*Provided information*:
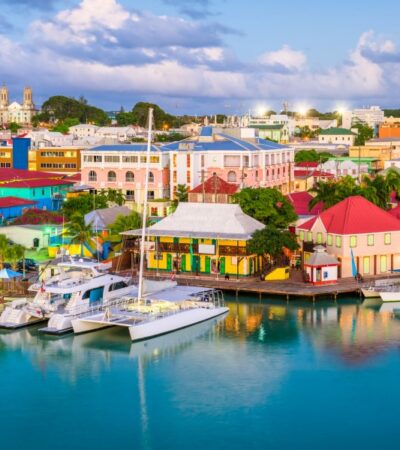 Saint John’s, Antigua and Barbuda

* * *

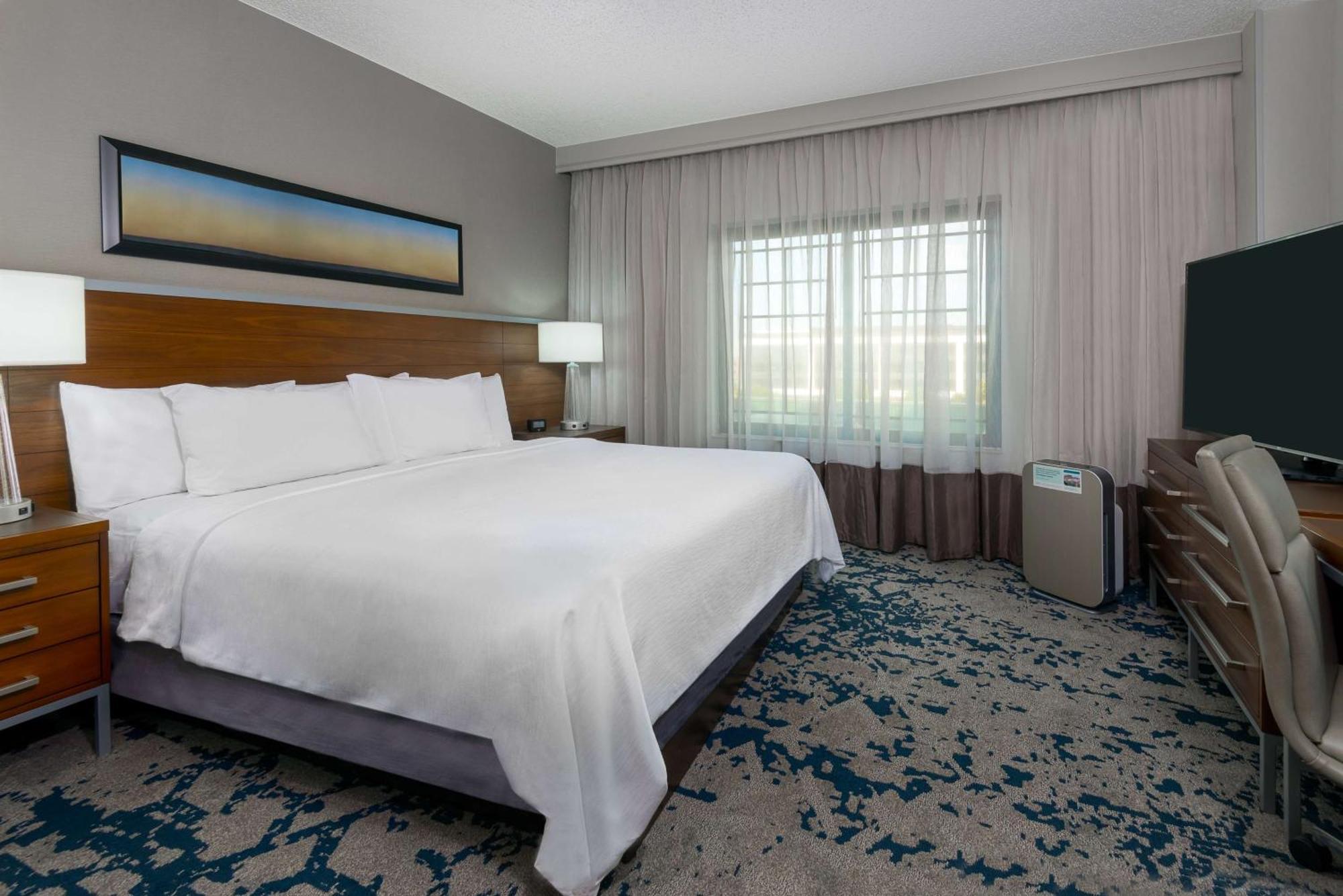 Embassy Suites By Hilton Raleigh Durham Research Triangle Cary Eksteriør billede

--

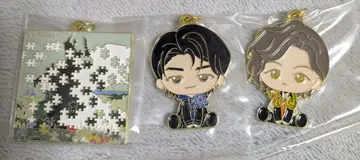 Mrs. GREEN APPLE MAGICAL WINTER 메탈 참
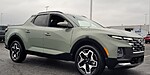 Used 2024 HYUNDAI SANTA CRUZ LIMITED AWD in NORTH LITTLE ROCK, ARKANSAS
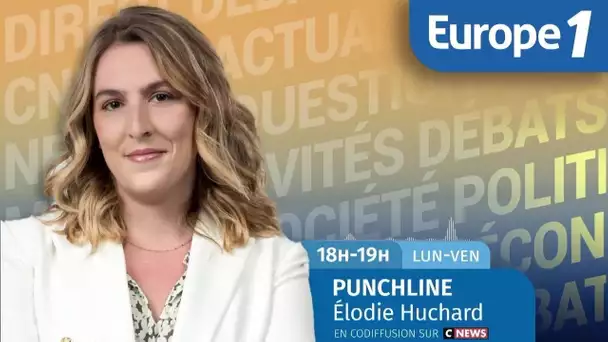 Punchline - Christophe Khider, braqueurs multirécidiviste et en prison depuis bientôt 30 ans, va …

*Exercise directions*: Word for word, retype the lines in the entries above that run from the one with "Mrs. GREEN APPLE MAGICAL WINTER 메탈 참" through the one with "Punchline - Christophe". Both ends count; pictures do not.

*Solution*:
 Mrs. GREEN APPLE MAGICAL WINTER 메탈 참
 Used 2024 HYUNDAI SANTA CRUZ LIMITED AWD in NORTH LITTLE ROCK, ARKANSAS
 Punchline - Christophe Khider, braqueurs multirécidiviste et en prison depuis bientôt 30 ans, va …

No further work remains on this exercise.